Search code examples
algorithmoptimizationlinear-programmingminimization

Algorithm to do Minimization in Integer Programming


I understand that doing minimization in integer programming is a very complex problem. But what makes this problem so difficult?

If I were to (attempt) to write an algorithm to solve it, what would I need to take into account? I'm only familiar with the branch-and-bound technique for solving it and I'm wondering what sort of roadblocks I will face when attempting to apply this technique programatically.


Solution

  • Like the other said, those problem are very hard and there are no simple solution nor simple algorithm that apply to all classes of problems.

    The "classic" way of solving those problem is to do a branch-and-bound and apply the simplex algorithm at each node, as you say in your question. However, I would not recommand implementing this yourself if you are not an expert.

    As for a lot of numerical methods, it is very hard to get it right (good parameter values, good optimisations), and a lot have been done (see CPLEX, COIN_OR, etc).

    It's not that you can't do it: the branch-and-bound part is pretty straigtforward, but without all the tricks your program will be really slow.

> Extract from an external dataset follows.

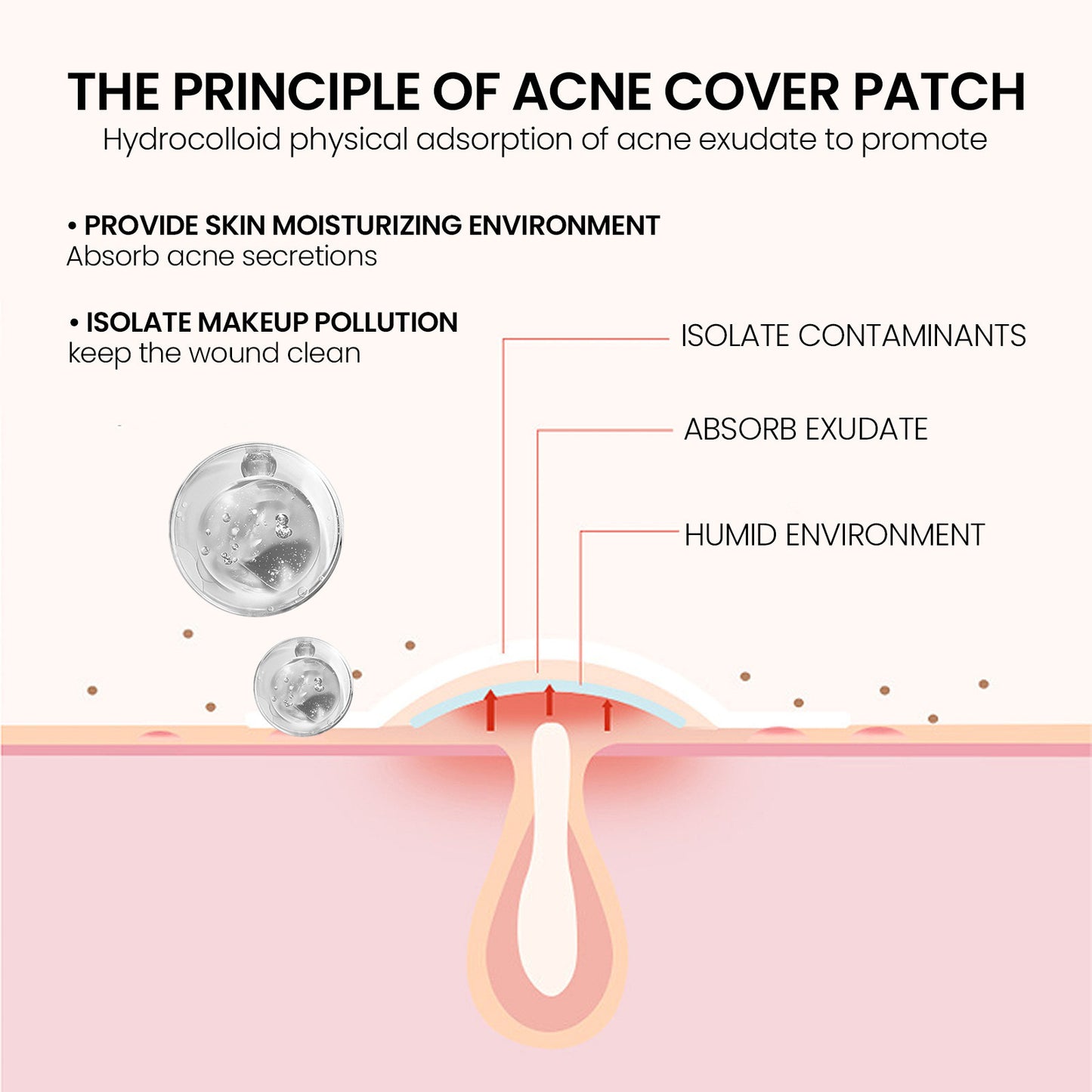 Facial acne patch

    Also, you will need a simplex implementation and this is not something you want to do yourself: you will have to use a third-part lib anyway.

    Most likely, wether

    • if your data set is not that big (try it !), and you are not interested in solving it really fast: use something like COIN-OR or lp_solve with the default method, it will work;
    • if your data set is really big (and/or you need to find a solution quickly each time), you need to work with an expert in this field.

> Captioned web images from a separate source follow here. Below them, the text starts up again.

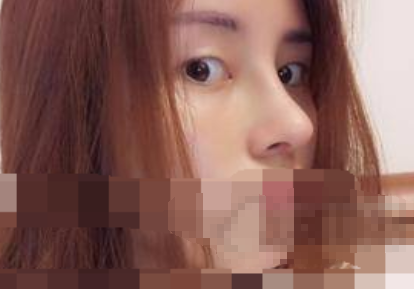 江苏省中医院陈刚医生隆鼻怎么样,有案例吗?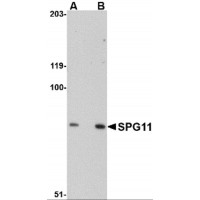 Western blot analysis of SPG11 in mouse heart tissue lysate with SPG11 antibody at (A) 0.5 and (B) 1 μg/mL.
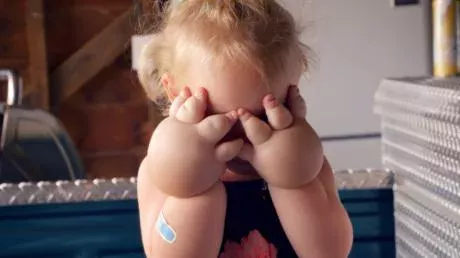 A 2-year-old girl with fat hands got liposuction!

    My main point is that only experienced people will know which algorithm will perform better on your problem, wich form of the model will be the easiest to solve, which method to apply and what kind of optimisations you can try.

    If you are interested in those problems, I would recommend this book for an introduction to the math behind all this (with a lot of examples). It is incredibly expansive, so you may want to go to a library instead of buying it: Nemhauser and Wolsey.